#### TASK BRIEF
The line that contains "Freightliner M2 106" marks the start. Please set it down, with every later line of the data, exactly and without pictures.

#### DATASET RECORDS
>>>>
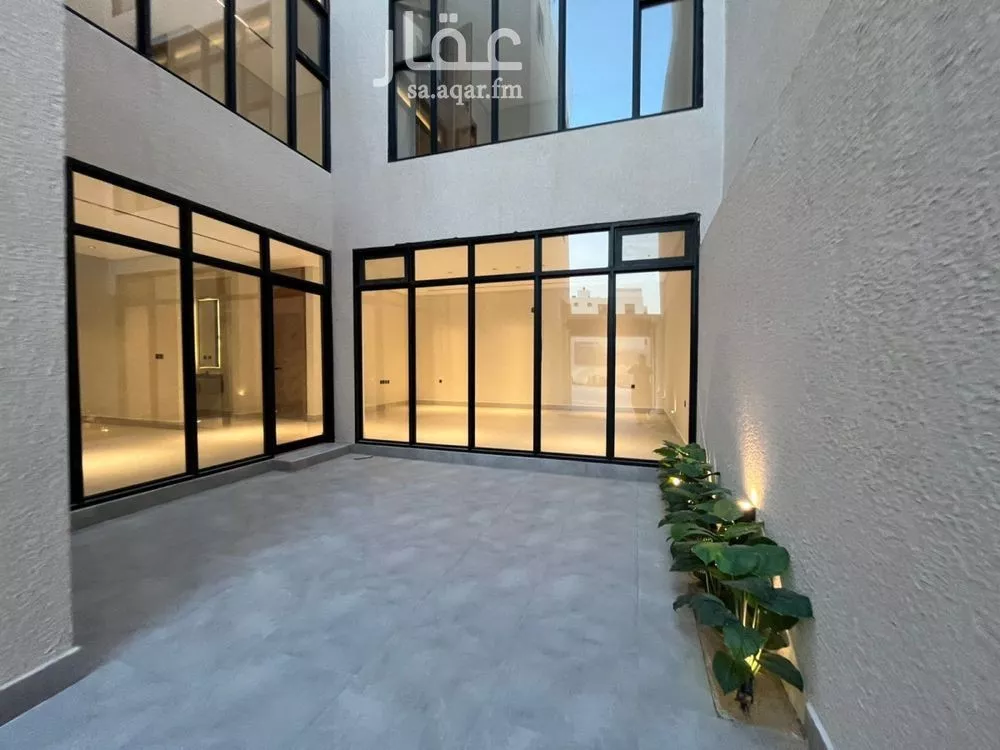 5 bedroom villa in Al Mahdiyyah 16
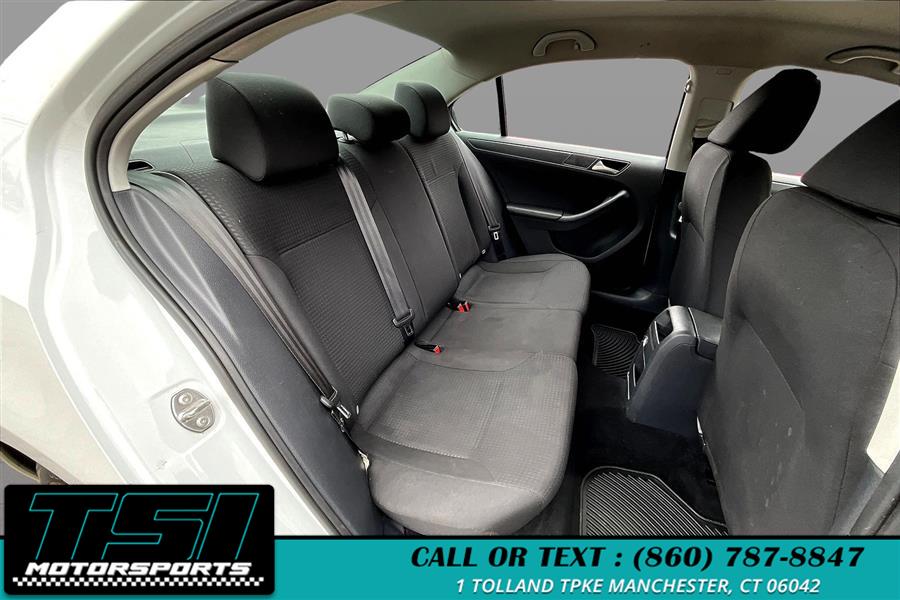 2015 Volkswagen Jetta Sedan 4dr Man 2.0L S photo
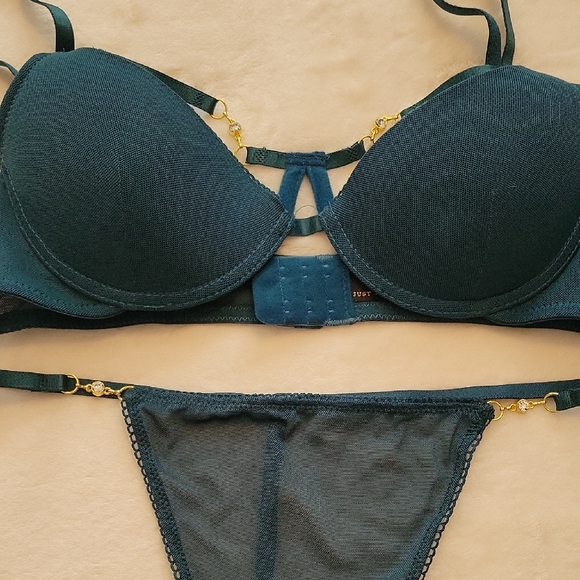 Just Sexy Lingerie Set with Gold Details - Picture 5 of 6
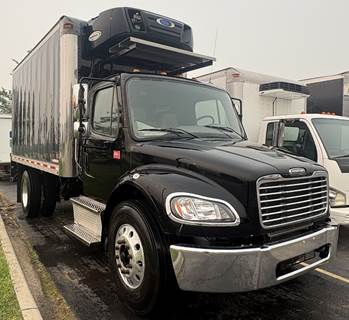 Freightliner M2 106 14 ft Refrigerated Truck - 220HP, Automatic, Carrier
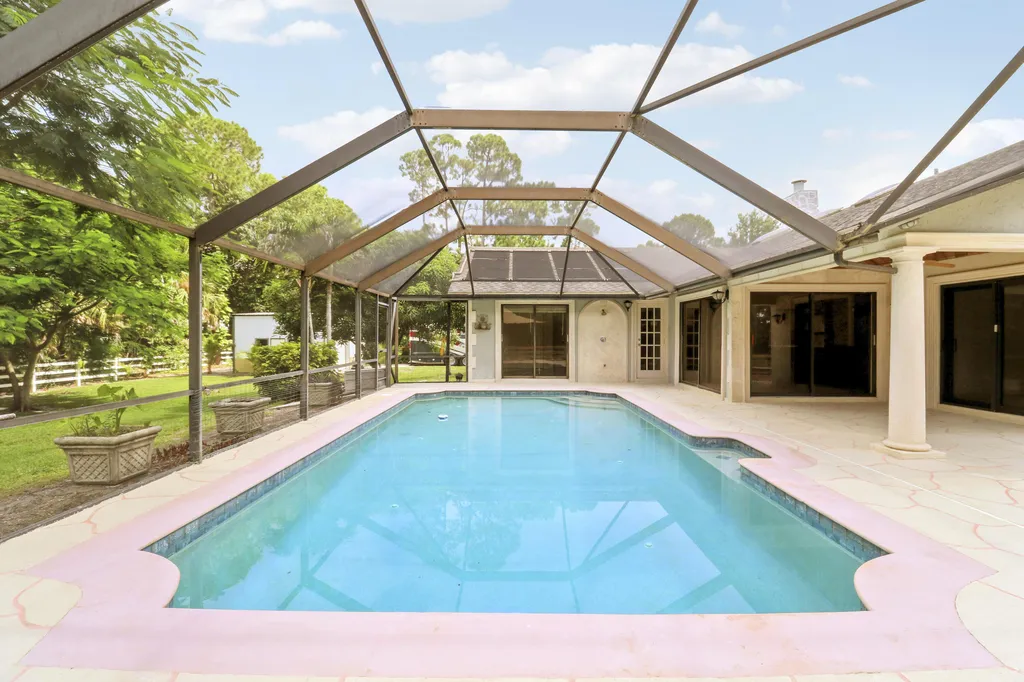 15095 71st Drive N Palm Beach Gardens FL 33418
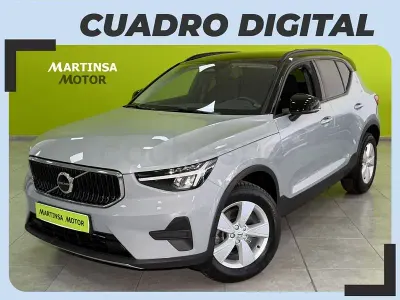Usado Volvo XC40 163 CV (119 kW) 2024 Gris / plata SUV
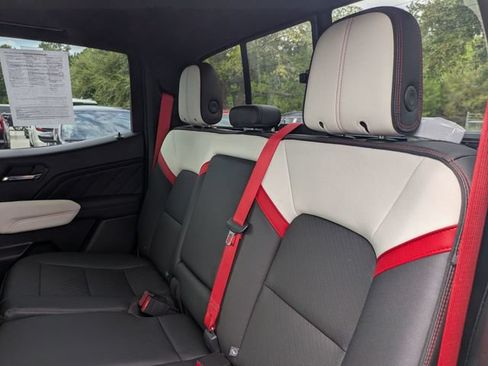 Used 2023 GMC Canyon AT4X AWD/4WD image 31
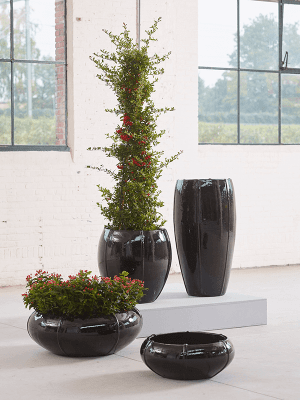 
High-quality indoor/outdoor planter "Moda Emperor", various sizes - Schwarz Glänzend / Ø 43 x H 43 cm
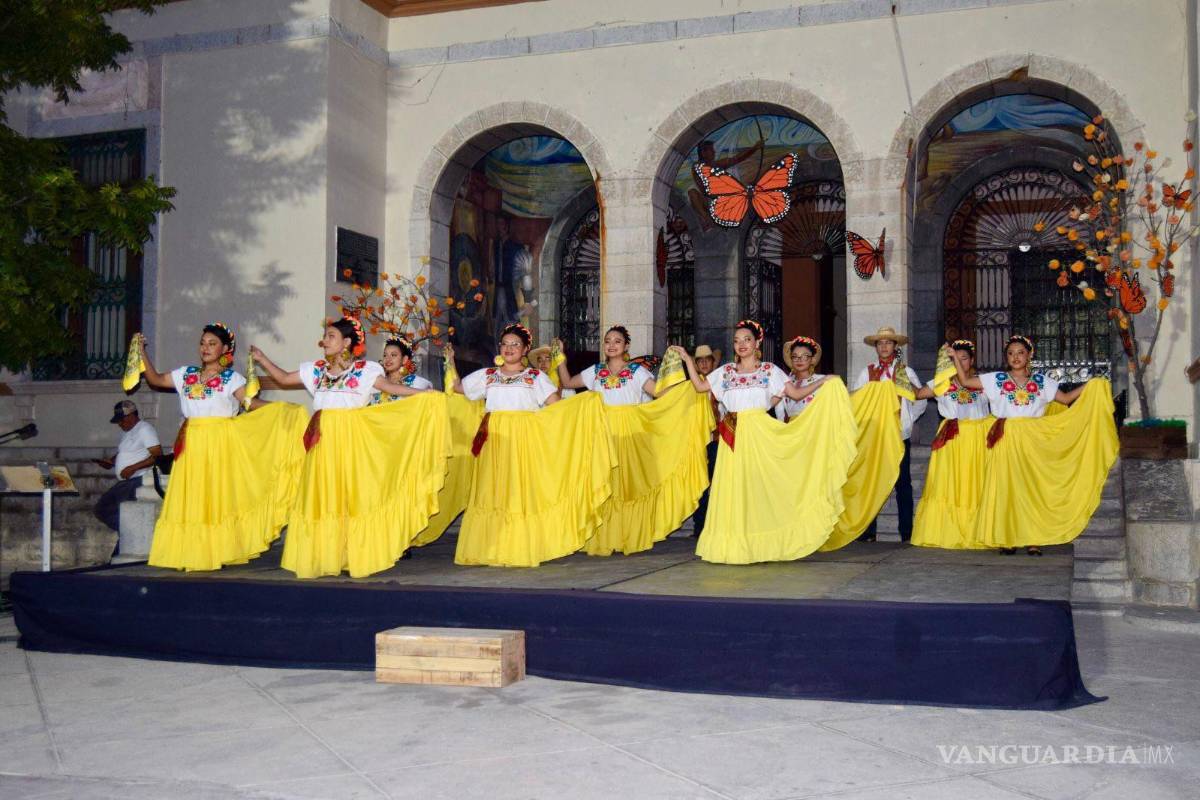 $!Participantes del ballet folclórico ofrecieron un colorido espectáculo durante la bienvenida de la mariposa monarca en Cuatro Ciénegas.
<<<<
#### ANSWER FOR THIS EXERCISE
 Freightliner M2 106 14 ft Refrigerated Truck - 220HP, Automatic, Carrier
 15095 71st Drive N Palm Beach Gardens FL 33418
Usado Volvo XC40 163 CV (119 kW) 2024 Gris / plata SUV
 Used 2023 GMC Canyon AT4X AWD/4WD image 31
High-quality indoor/outdoor planter "Moda Emperor", various sizes - Schwarz Glänzend / Ø 43 x H 43 cm
 $!Participantes del ballet folclórico ofrecieron un colorido espectáculo durante la bienvenida de la mariposa monarca en Cuatro Ciénegas.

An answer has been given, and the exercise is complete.